■ **TASK**
You are asked to repeat the listing word for word and to leave out its pictures.

■ **SOURCE DATA**
# # # #
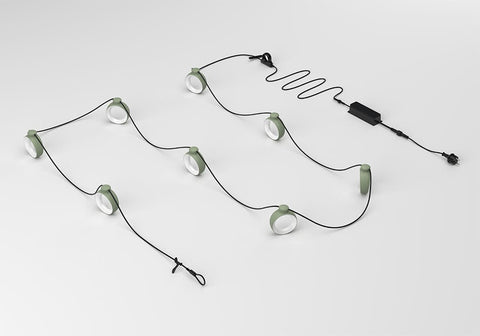 Guirnalda de luces exteriores HOOP de la marca Fermob. Comprar Fermob online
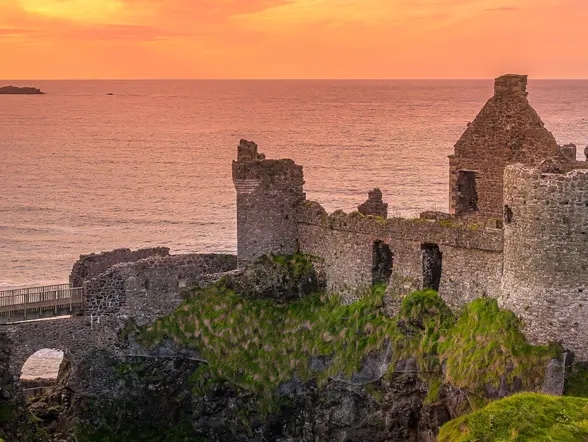 Panorámica Castillo de Dunluce - Excursión al norte de Irlanda: Belfast, Calzada del Gigante y el Castillo de Dunluce - Visitas Guiadas y Excursiones en español en Dublín - Buendía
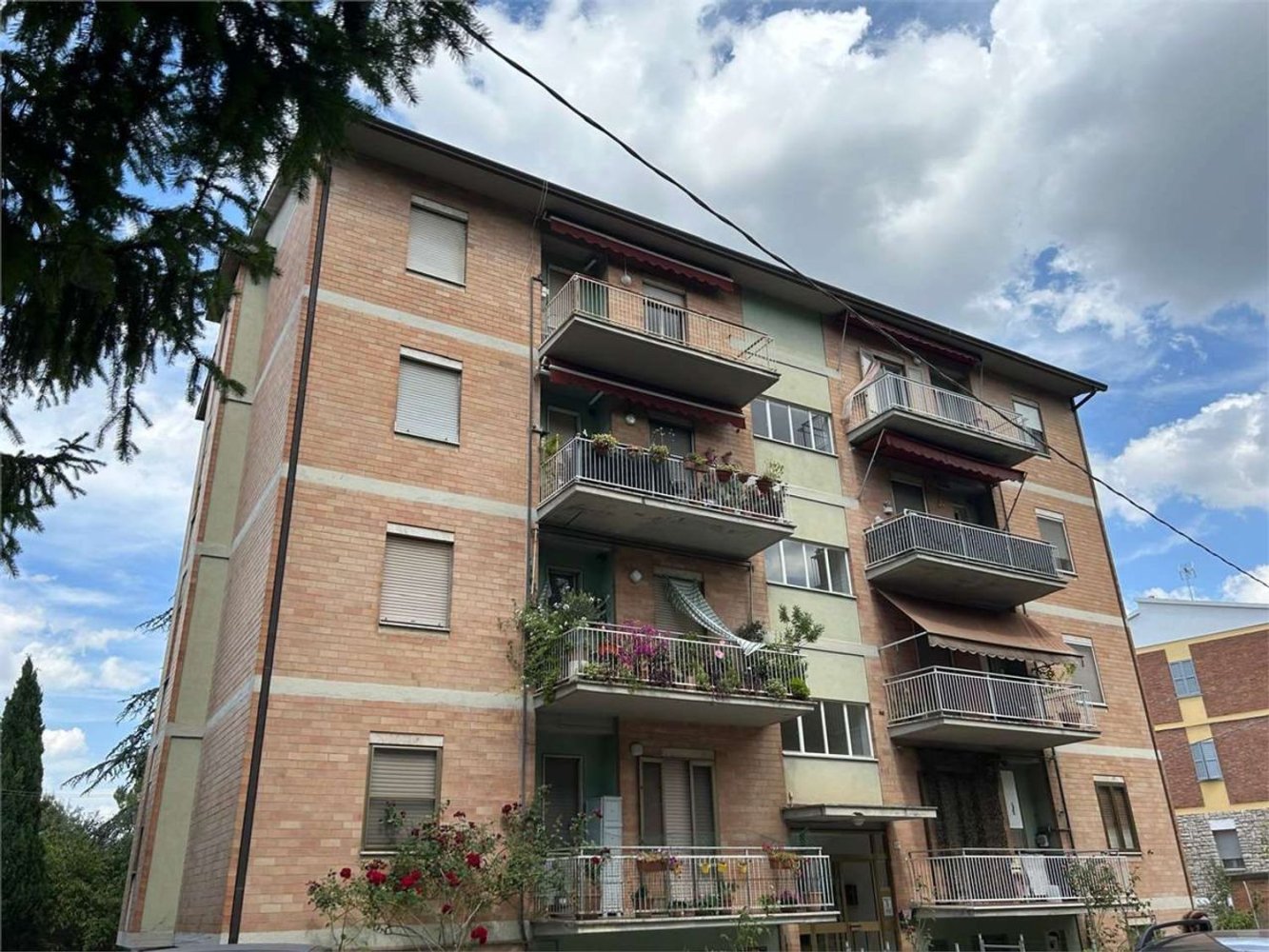 7 rooms Apartment in Perugia, Italy No. 288528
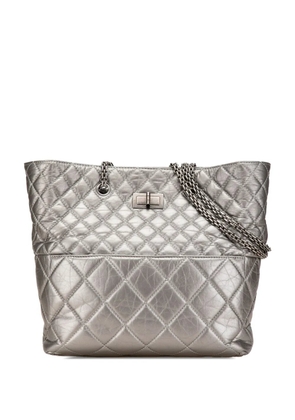 CHANEL Pre-Owned 2010-2011 Reissue 2.55 Quilted Aged Calfskin tote bag - Silver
# # # #
■ **SOLUTION BELOW**
 Guirnalda de luces exteriores HOOP de la marca Fermob. Comprar Fermob online
 Panorámica Castillo de Dunluce - Excursión al norte de Irlanda: Belfast, Calzada del Gigante y el Castillo de Dunluce - Visitas Guiadas y Excursiones en español en Dublín - Buendía
 7 rooms Apartment in Perugia, Italy No. 288528
 CHANEL Pre-Owned 2010-2011 Reissue 2.55 Quilted Aged Calfskin tote bag - Silver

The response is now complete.